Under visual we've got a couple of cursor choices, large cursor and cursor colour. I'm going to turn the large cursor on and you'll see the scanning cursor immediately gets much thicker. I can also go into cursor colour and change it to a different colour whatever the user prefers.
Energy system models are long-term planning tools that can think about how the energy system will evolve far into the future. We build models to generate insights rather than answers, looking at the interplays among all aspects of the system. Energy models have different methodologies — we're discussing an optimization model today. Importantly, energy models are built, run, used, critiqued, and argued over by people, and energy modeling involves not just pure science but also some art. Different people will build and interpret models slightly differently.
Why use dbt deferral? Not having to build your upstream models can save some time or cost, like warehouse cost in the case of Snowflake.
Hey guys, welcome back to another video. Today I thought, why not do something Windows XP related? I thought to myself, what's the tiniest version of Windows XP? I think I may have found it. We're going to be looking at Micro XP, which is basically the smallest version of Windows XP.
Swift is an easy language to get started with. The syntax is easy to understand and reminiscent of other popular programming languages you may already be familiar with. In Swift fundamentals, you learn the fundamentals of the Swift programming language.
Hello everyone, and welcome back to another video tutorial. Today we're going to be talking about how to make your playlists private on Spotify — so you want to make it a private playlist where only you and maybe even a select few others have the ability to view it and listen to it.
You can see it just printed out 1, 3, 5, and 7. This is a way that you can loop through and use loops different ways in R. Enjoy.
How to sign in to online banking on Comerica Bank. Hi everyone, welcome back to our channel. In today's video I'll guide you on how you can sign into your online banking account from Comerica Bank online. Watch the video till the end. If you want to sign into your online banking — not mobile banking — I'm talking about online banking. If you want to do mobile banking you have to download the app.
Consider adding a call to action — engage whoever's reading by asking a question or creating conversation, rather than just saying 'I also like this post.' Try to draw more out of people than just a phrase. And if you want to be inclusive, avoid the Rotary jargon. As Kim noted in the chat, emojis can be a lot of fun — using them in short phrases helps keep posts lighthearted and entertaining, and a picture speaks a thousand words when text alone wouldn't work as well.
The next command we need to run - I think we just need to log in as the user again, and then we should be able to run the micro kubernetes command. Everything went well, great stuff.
==
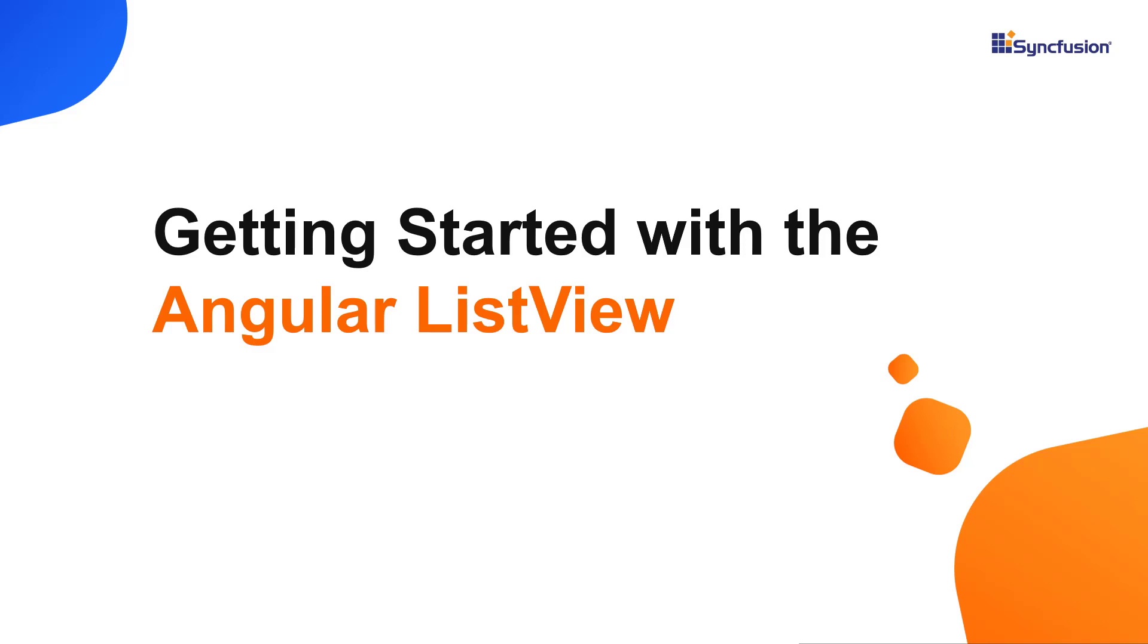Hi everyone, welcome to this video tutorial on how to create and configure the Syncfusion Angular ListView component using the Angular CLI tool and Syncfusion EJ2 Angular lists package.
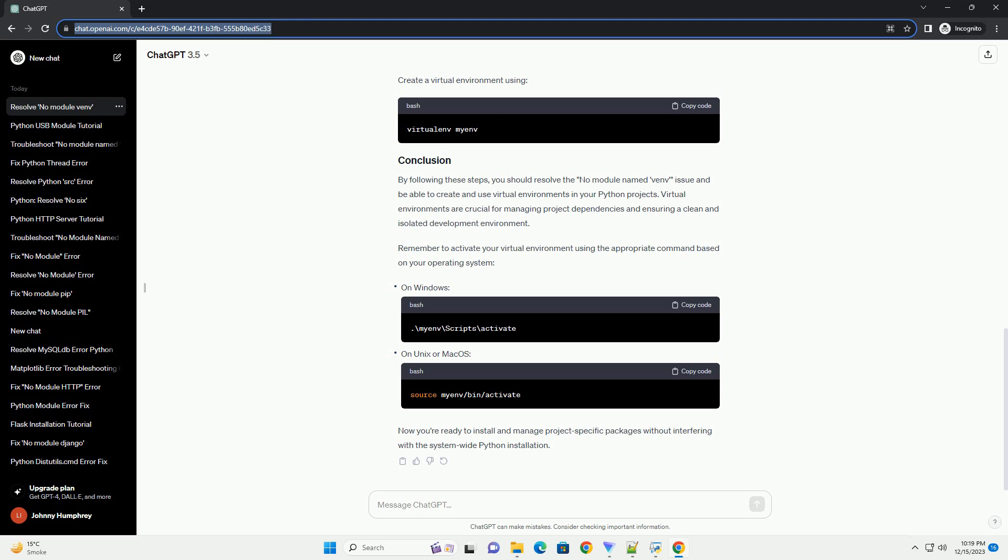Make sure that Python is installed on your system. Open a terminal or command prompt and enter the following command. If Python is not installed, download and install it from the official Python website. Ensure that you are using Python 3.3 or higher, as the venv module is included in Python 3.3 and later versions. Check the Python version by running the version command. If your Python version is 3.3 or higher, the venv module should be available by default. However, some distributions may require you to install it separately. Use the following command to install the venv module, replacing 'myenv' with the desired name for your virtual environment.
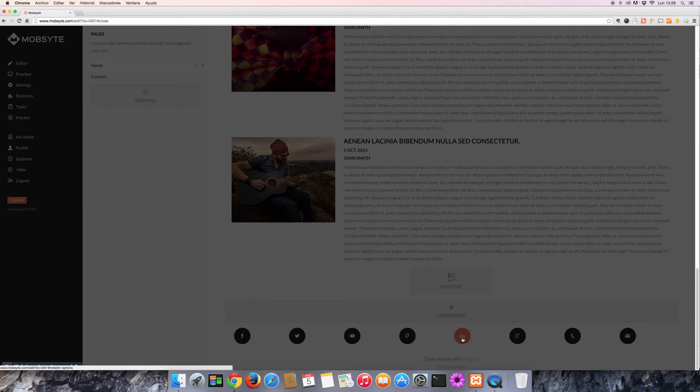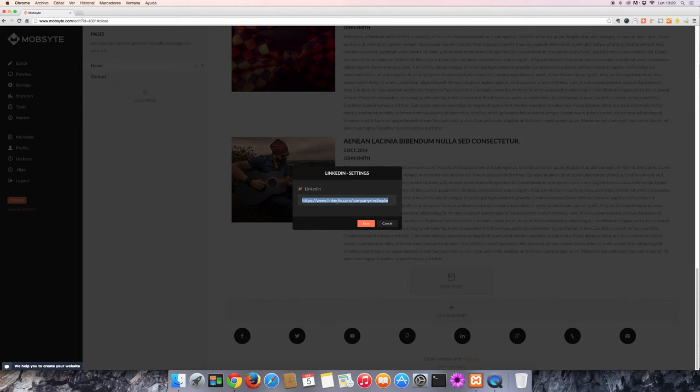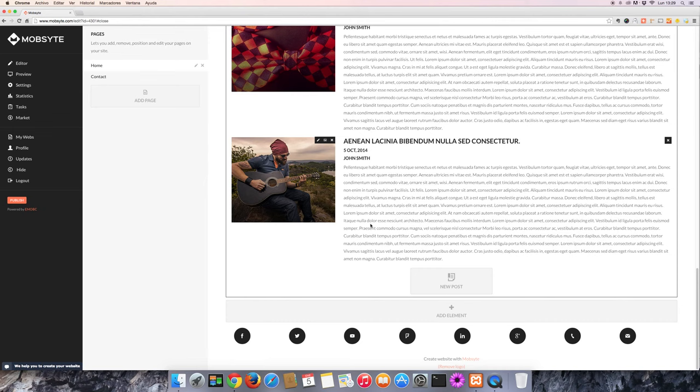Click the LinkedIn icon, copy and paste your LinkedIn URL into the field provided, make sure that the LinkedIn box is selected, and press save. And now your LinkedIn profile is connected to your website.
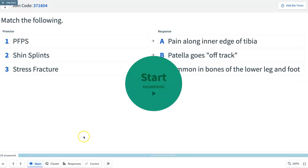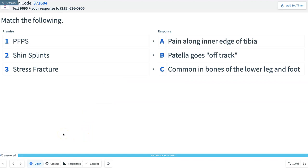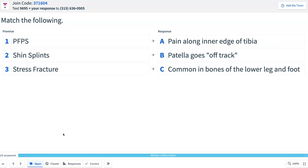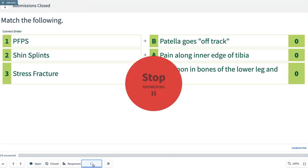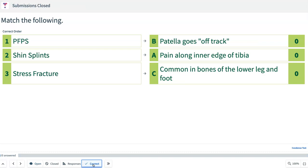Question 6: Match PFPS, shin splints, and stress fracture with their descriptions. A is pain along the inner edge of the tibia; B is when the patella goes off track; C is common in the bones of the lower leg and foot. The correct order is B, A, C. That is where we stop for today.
---
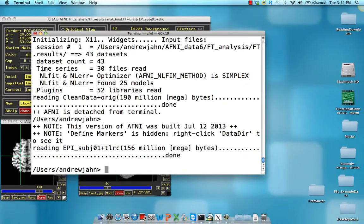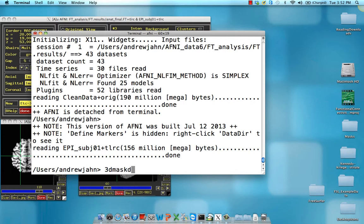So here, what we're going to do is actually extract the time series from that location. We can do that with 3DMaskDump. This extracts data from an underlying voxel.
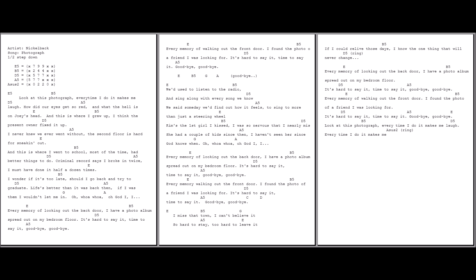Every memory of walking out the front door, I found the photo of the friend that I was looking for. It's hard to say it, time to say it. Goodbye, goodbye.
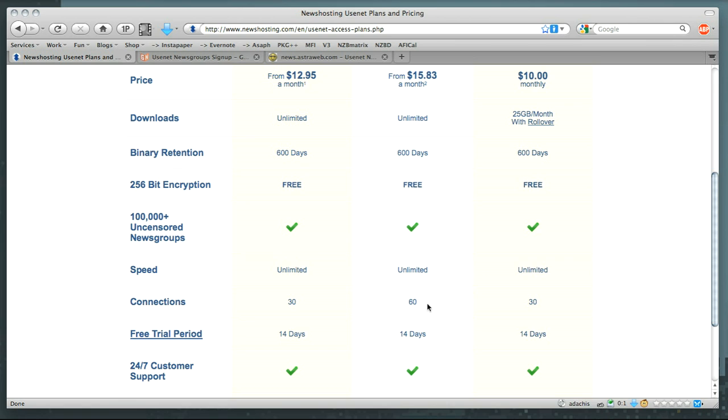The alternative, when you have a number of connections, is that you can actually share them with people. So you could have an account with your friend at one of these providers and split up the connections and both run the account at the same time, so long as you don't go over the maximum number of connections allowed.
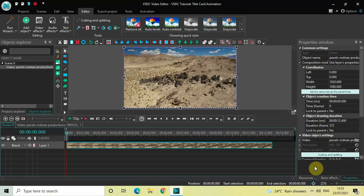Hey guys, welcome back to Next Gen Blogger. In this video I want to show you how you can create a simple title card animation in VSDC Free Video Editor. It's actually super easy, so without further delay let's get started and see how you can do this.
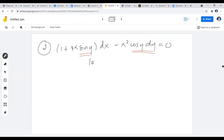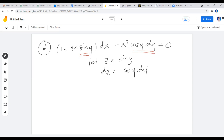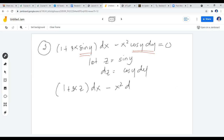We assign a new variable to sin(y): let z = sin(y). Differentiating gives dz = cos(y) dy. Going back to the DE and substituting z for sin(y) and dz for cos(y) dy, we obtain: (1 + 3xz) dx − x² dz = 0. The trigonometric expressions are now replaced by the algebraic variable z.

## WHAT YOU HAVE TO DO:
Look through the listing above for the line with "The alternative, when" and the line with "We assign a". Write out exactly those lines and everything between, leaving out pictures.

## RESPONSE TO THIS EXERCISE:
The alternative, when you have a number of connections, is that you can actually share them with people. So you could have an account with your friend at one of these providers and split up the connections and both run the account at the same time, so long as you don't go over the maximum number of connections allowed.
Hey guys, welcome back to Next Gen Blogger. In this video I want to show you how you can create a simple title card animation in VSDC Free Video Editor. It's actually super easy, so without further delay let's get started and see how you can do this.
We assign a new variable to sin(y): let z = sin(y). Differentiating gives dz = cos(y) dy. Going back to the DE and substituting z for sin(y) and dz for cos(y) dy, we obtain: (1 + 3xz) dx − x² dz = 0. The trigonometric expressions are now replaced by the algebraic variable z.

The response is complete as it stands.